Key provisions of the act
Personal data
While the definition of “personal data”under the act is conceptually similar to GDPR’s personally identifiable information (PII),[2] the act applies to processing of PII in digital form only—either collected in digital form or subsequently digitized.[3] However, since digitized data processing is ubiquitous, excluding nondigitized PII may be inconsequential. Processing of PII for personal or domestic purposes,[4] or where the PII is made publicly available,[5] is outside the purview of the act. Unlike the GDPR, the act applies uniformly to all types of PII, and differential provisions based on the sensitivity or categorization of PII have not been stipulated in the act.
Territorial scope
The act has extraterritorial reach as it applies to processing within India, regardless of the nationality or residency status of the data principal.[6] While this would include data principals outside India, processing in such cases if under a contract, is broadly exempted.[7] The act also applies to the processing outside India in relation to goods or services offered to data principals within India.[8] As such, the act will apply to organizations even if they operate entirely—or are domiciled—outside India.
Data principals
When juxtaposed with GDPR, data principals have fewer rights. Rights include access to information,[9] erasure,[10] and correction.[11] Notably, these rights can be exercised only if consent or voluntary disclosure is given as the grounds for processing. Uniquely, data principals have certain duties under the act, including a duty not to impersonate or suppress material information while providing PII or to raise false or frivolous grievances.[12] With respect to children (younger than 18 years old), safeguards include parental consent for processing, prohibiting processing that may impact the well-being of children, and use of techniques like tracking or monitoring, which are typically leveraged for behavioral analytics.[13] The latter restrictions would predominantly affect sectors—such as gaming or social media platforms—that rely on algorithms to position or differentiate their services.

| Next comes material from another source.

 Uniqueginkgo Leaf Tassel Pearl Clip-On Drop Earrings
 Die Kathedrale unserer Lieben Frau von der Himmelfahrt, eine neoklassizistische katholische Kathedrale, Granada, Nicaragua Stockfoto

Data fiduciaries and data processors
Unlike the GDPR, data processors have minimal statutory obligations, and obligations under the act solely rest with the data fiduciary—even in relation to acts or violations committed by the data processor. So, it’s imperative for data fiduciaries to define precise terms in contracts with data processors so that contractual claims can be invoked against the data processor. Obligations for data fiduciaries include (i) maintaining safeguards to protect PII;[14] (ii) ensuring completeness, accuracy, and consistency of PII;[15] (iii) breach intimation;[16] (iv) erasure of data upon withdrawal of consent or on cessation of the purpose specified for processing;[17] (v) and instituting grievance redressal mechanisms.[18]
A data processor can only be engaged under a contract and only in connection with any activity relating to the offering of goods or services.[19] It remains to be seen whether activities that are unrelated—or indirectly ancillary or incidental—to offering goods or services can be delegated to a data processor.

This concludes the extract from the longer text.